Los unitarios también devinieron en monárquicos, según Lugones: el privilegio del blanco sobre el mestizo es un claro ejemplo del por qué. Entonces, los federales propondrían un tirano como gobernante, y los unitarios al gobernante superior y genial, como se dijo, de todos modos se caía en el gobierno de carácter monárquico. De esto resultó la lucha entre estos dos bandos.

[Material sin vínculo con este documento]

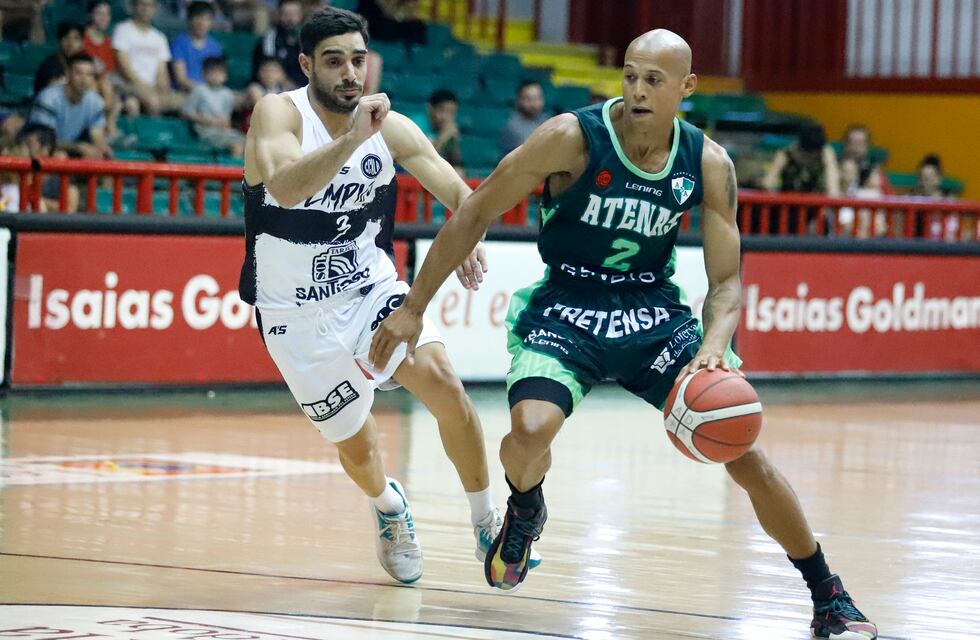 Atenas en su laberinto: mejoró pero no sale de la mala racha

La historia de Argentina parece mostrar versiones de estás oposiciones una y otra vez.
Lugones es contundente hacia su maestro, que en su obra principal ha hecho, según él, uso de “un retórico ejercicio de la antítesis”, demostrando así reconocimiento hacia Sarmiento en tanto escritor sagaz y hombre activísimo y fuerte de la política, pero a la vez atreviéndose a rever la historia oficial de entonces de la Argentina.

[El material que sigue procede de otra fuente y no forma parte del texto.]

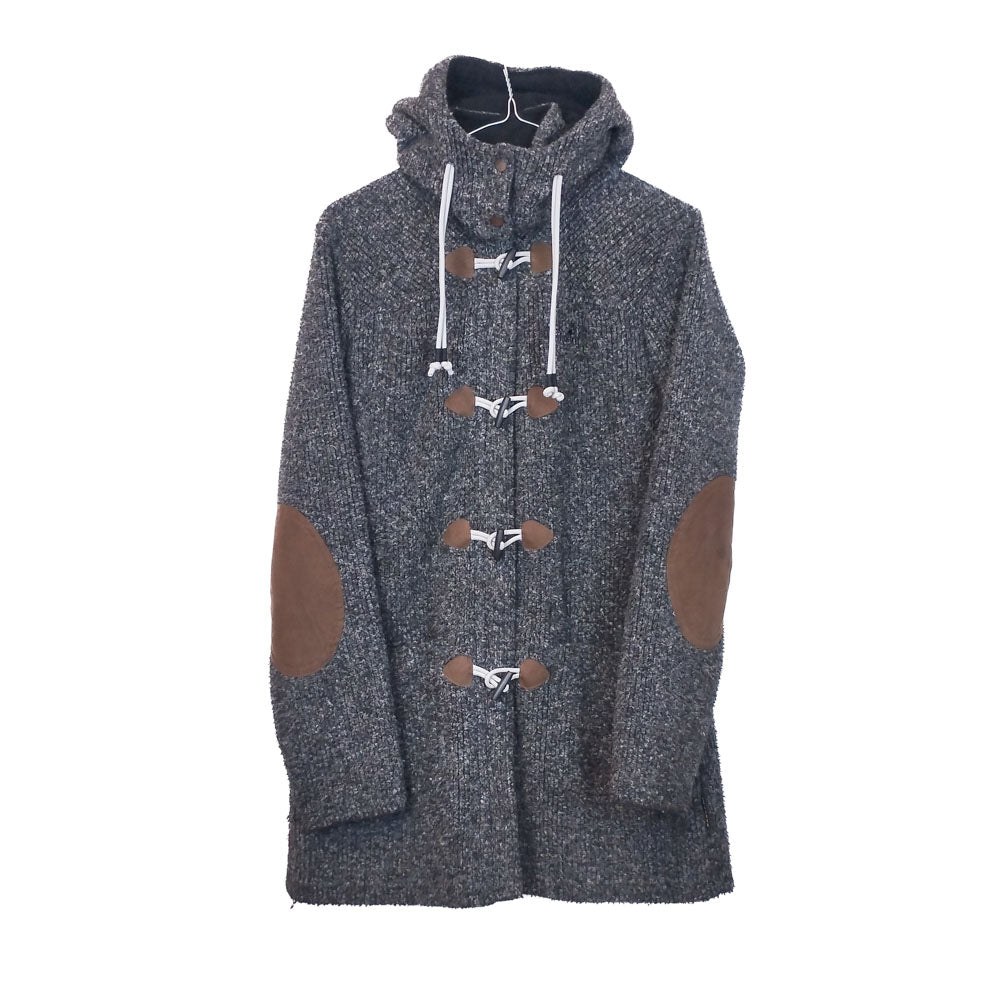 VIN-OUTW-32263 Preloved φλις ζακέτα γυναικεία Jack Wolfskin S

El poeta termina defendiendo la división planteada por Alberdi, que define a dos tipos de hombre americano-español: el hombre del litoral y el hombre de tierra adentro. Se da cuenta de una obviedad, porque el hombre del litoral puede volverse hombre de tierra adentro, y para el caso inverso lo mismo y en efecto esto es lo que sucedía entonces.
La perspectiva que el tiempo debería permitirnos entender a entender a Sarmiento de una manera compleja. El binomio que él alentó debía necesitar, seguramente, de una exageración, muchas veces retórica, muchas veces trágicamente fáctica. Él hizo uso de la literatura, y ahí encontramos lo más rico –su Facundo-  pero también muchas otras veces hizo uso de la política y de su militarismo esencial.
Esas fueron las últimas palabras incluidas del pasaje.